I just recently had to go in to the hospital and get a stitch, and that was terrifying. But it was our only option at that point, and the best decision that could have be made. Since then I have been put on bedrest with bathroom and shower privileges only. It is very hard mentally, and even physically on my "unused" muscles, but necessary in keeping these children inside as long as possible... Only being at 22 weeks now, I will have to "rest" for awhile yet- another 15 weeks would be great...

For the most part - most days - I do believe all will be well. It's those tiny doubtful moments that creep up on you when you are alone and vulnerable that I still need to overcome - and I'm thankful that God has a good track record of proving Himself faithful over and over again to me and to many others.
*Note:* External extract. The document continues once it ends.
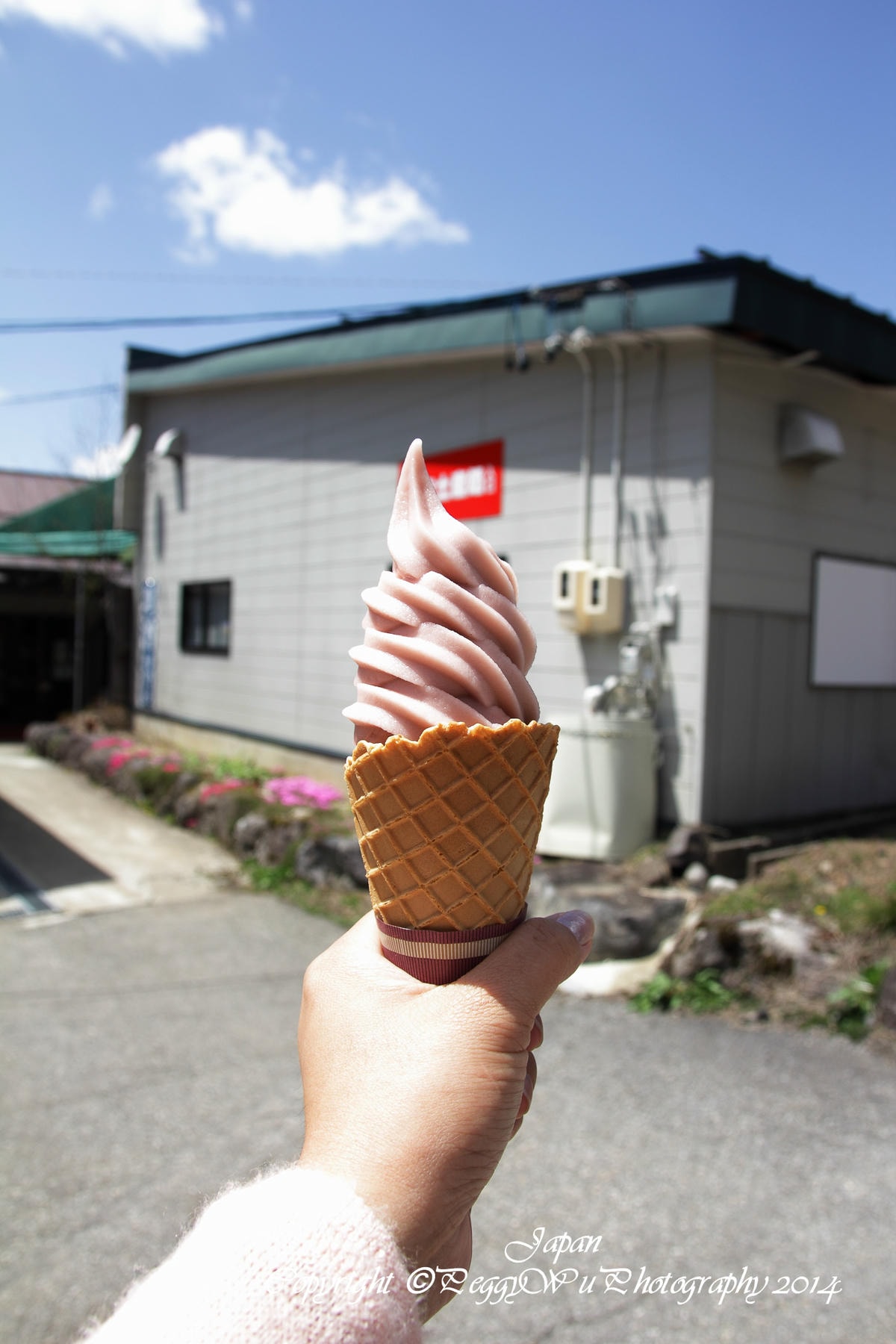 20251013-w0u5h 20251013-w0u5h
James 1 says, "2 Consider it pure joy, my brothers and sisters, whenever you face trials of many kinds, 3 because you know that the testing of your faith produces perseverance. 4 Let perseverance finish its work so that you may be mature and complete, not lacking anything" and continued on in verse 12 "12 Blessed is the one who perseveres under trial because, having stood the test, that person will receive the crown of life that the Lord has promised to those who love him."
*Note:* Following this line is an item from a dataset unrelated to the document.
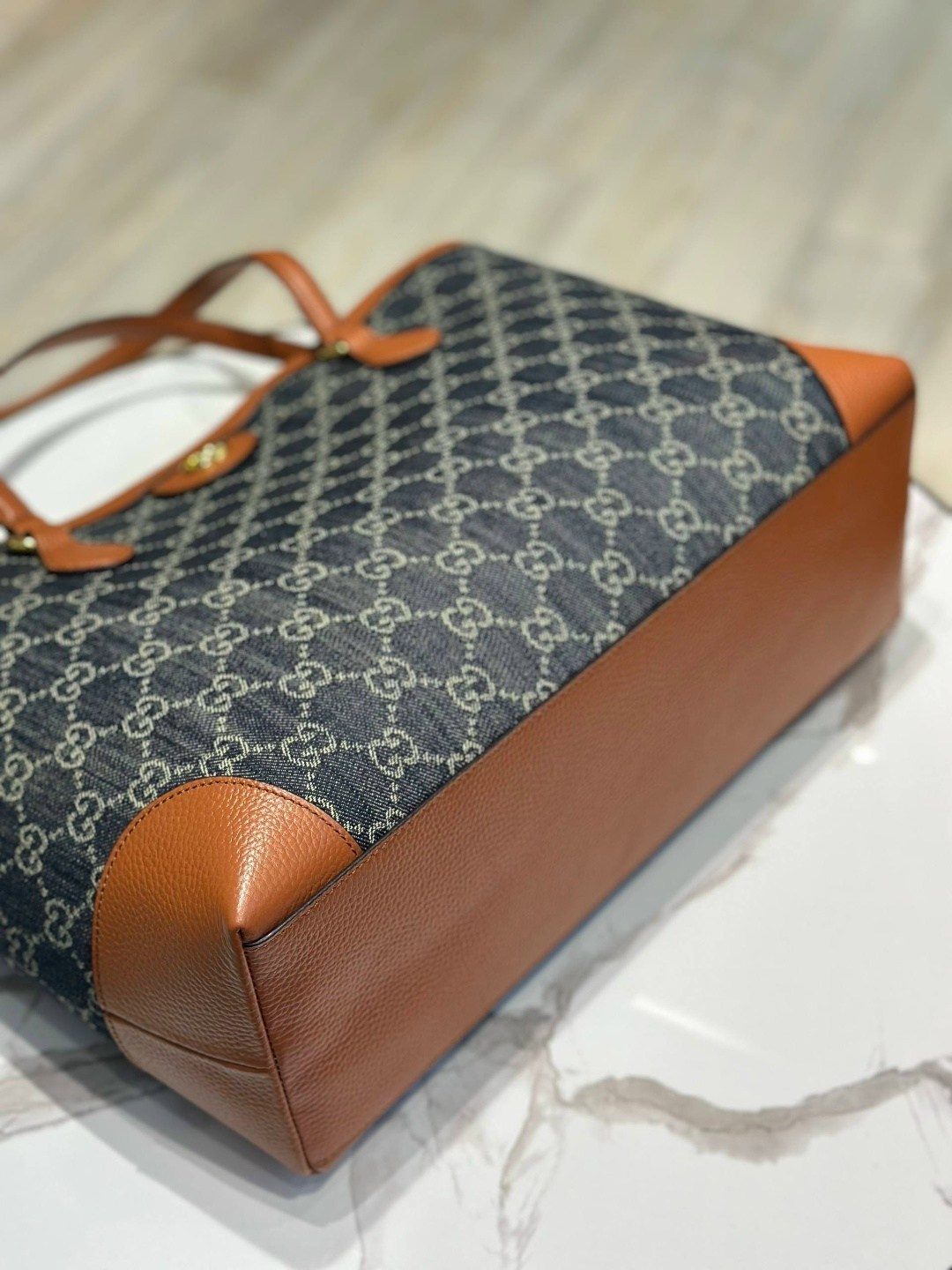 gucci сумка,сумка тоут gucci,модная сумка,женская сумка gucci,женская сумка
So with a shaky faith, and the strength of faith of others around me - I take a deep breath and move forward day by day, moment by moment, facing my trials, persevering, maturing, not lacking anything - looking to the crown of life that the Lord has promised.

Comments

Raymond Dueck said…
Martha and I feel with you, pray for strength
joanna said…
Oh Ange, I am so glad you wrote. I love you. I want to be holding those babies at Christmas time too! I am praying for your faith, and hope, and personally I really needed to hear that verse again, as I'm growing weary - I didn't remember the last bit, about the crown of life. Hallelujah. A crown of life.
Joel M-E said…
This comment has been removed by the author.
Joel M-E said…
I like where you stated... "no logical or medical reason" - it helps you to give credit where credit is due :)

We are praying for you
Unknown said…
I love you ange :) You are an amazing woman my prayers are with you during this time..
Emily Deu said…
I believe!!!! Been thinking about you and praying. You are such a good mom all ready and I cannot wait to see those babies faces!
Angela Oliver said…
Thanks for your comments guys! I love that you're reading my blog - and a little bit humbled by that too! lol!
Heidi Sand-Hart said…
With you every step of the way Ange. You are an inspiration.